(Stored items)

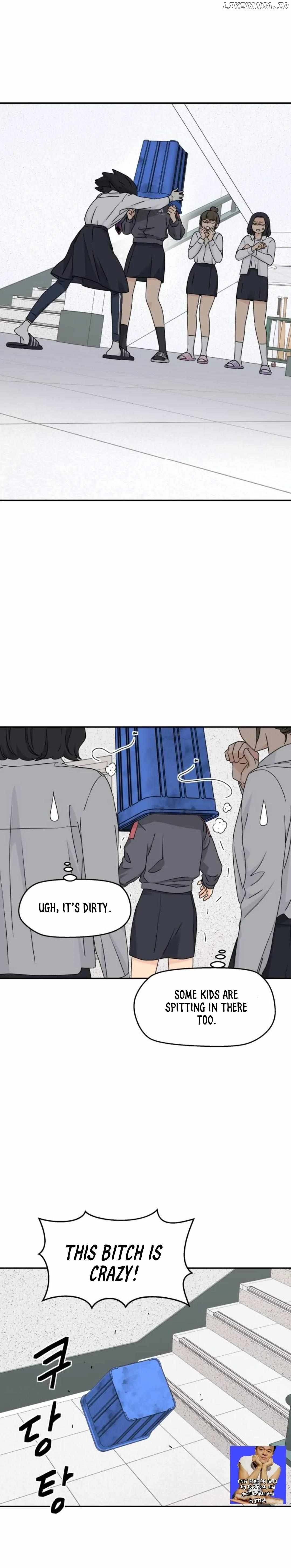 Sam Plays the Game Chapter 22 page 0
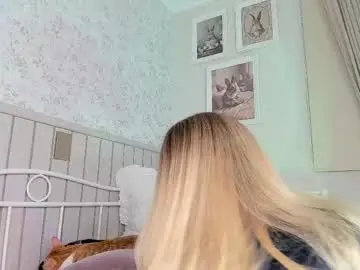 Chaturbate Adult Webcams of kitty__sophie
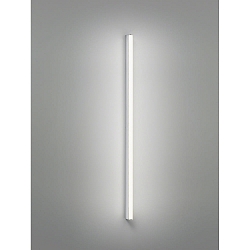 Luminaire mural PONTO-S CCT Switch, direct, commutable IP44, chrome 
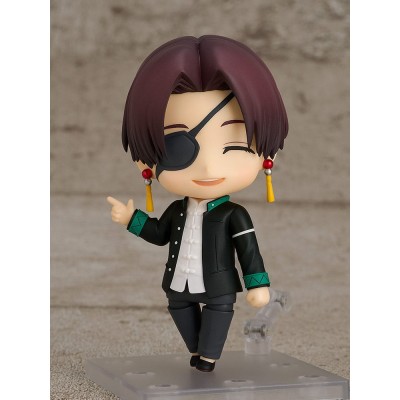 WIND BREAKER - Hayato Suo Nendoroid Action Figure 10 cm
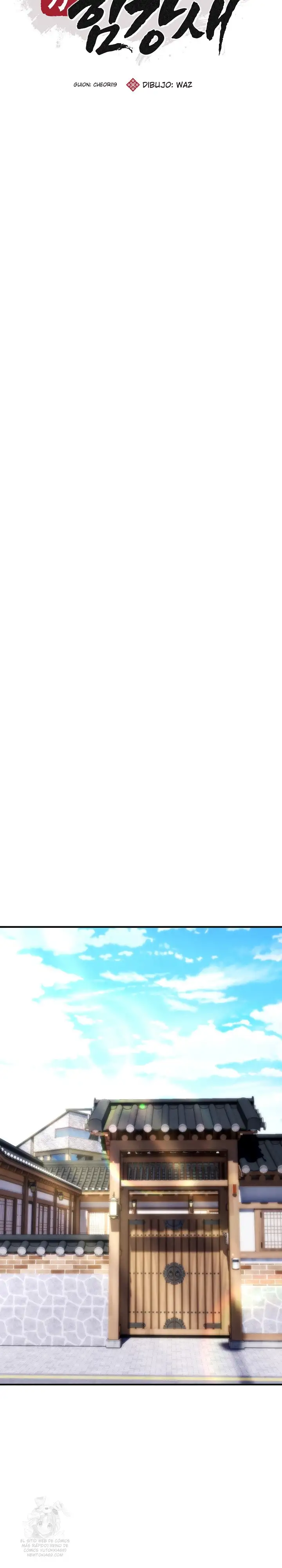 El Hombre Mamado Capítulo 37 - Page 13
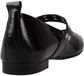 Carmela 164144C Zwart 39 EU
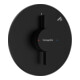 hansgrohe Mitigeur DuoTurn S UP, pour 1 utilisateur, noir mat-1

What is required | Starting from the line containing "WIND BREAKER - Hayato", repeat each line exactly through the end of the entries, including the last, while leaving pictures out.

Exercise solution |
 WIND BREAKER - Hayato Suo Nendoroid Action Figure 10 cm
 El Hombre Mamado Capítulo 37 - Page 13
 Carmela 164144C Zwart 39 EU
 hansgrohe Mitigeur DuoTurn S UP, pour 1 utilisateur, noir mat-1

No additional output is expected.